Retype exactly the lines that run from the line with "cinema sofa bed groupon" to the final line of the entries, keeping both ends and nothing else.

**EXTRACTED DATA**
━━━━━━━━━━━━━━━━━━━━━━━━━━━━━━

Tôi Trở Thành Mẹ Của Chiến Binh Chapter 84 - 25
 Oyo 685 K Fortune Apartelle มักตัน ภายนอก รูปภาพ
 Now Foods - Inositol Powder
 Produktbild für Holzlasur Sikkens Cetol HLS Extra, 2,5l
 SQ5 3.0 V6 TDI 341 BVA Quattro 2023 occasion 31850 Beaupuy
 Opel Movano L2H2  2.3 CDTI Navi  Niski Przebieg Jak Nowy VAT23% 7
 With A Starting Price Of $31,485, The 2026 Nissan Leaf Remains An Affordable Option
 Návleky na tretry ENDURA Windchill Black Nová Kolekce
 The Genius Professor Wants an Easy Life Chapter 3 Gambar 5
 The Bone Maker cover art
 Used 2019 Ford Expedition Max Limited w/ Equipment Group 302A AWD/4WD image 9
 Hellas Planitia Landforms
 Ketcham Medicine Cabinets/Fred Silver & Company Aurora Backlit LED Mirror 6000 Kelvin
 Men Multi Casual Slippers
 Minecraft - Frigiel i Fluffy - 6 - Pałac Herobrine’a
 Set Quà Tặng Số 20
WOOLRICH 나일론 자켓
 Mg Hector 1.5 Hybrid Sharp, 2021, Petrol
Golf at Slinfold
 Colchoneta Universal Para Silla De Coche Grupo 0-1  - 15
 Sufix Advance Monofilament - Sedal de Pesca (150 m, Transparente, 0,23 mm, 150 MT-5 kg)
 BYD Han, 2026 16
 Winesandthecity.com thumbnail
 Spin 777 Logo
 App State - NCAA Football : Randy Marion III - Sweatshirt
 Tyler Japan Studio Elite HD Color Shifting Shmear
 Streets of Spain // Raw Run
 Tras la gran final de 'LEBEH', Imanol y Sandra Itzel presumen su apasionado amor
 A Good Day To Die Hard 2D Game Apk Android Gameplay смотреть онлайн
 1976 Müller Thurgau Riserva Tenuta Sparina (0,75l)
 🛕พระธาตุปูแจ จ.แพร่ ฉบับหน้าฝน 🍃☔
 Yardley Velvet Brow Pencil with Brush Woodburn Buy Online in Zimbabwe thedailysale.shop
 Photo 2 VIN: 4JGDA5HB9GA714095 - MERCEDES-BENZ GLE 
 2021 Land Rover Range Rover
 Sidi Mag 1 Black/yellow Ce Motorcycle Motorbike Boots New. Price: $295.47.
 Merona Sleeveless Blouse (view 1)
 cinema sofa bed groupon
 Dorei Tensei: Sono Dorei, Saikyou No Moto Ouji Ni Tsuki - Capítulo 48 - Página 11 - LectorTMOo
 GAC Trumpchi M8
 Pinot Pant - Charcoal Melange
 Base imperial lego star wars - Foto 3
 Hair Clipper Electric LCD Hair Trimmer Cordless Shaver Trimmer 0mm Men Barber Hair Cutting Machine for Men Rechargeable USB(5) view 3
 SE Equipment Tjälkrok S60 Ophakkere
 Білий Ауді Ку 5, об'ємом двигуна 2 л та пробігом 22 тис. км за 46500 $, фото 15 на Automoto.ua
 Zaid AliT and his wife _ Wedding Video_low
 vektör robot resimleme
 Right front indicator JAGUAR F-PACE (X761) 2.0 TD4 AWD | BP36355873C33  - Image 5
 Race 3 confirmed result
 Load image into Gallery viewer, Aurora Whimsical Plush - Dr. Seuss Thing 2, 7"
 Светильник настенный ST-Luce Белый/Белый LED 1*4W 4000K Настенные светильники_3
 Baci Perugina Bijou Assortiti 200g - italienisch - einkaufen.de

━━━━━━━━━━━━━━━━━━━━━━━━━━━━━━

**OUTPUT**
 cinema sofa bed groupon
 Dorei Tensei: Sono Dorei, Saikyou No Moto Ouji Ni Tsuki - Capítulo 48 - Página 11 - LectorTMOo
 GAC Trumpchi M8
 Pinot Pant - Charcoal Melange
 Base imperial lego star wars - Foto 3
 Hair Clipper Electric LCD Hair Trimmer Cordless Shaver Trimmer 0mm Men Barber Hair Cutting Machine for Men Rechargeable USB(5) view 3
 SE Equipment Tjälkrok S60 Ophakkere
 Білий Ауді Ку 5, об'ємом двигуна 2 л та пробігом 22 тис. км за 46500 $, фото 15 на Automoto.ua
 Zaid AliT and his wife _ Wedding Video_low
 vektör robot resimleme
 Right front indicator JAGUAR F-PACE (X761) 2.0 TD4 AWD | BP36355873C33  - Image 5
 Race 3 confirmed result
 Load image into Gallery viewer, Aurora Whimsical Plush - Dr. Seuss Thing 2, 7"
 Светильник настенный ST-Luce Белый/Белый LED 1*4W 4000K Настенные светильники_3
 Baci Perugina Bijou Assortiti 200g - italienisch - einkaufen.de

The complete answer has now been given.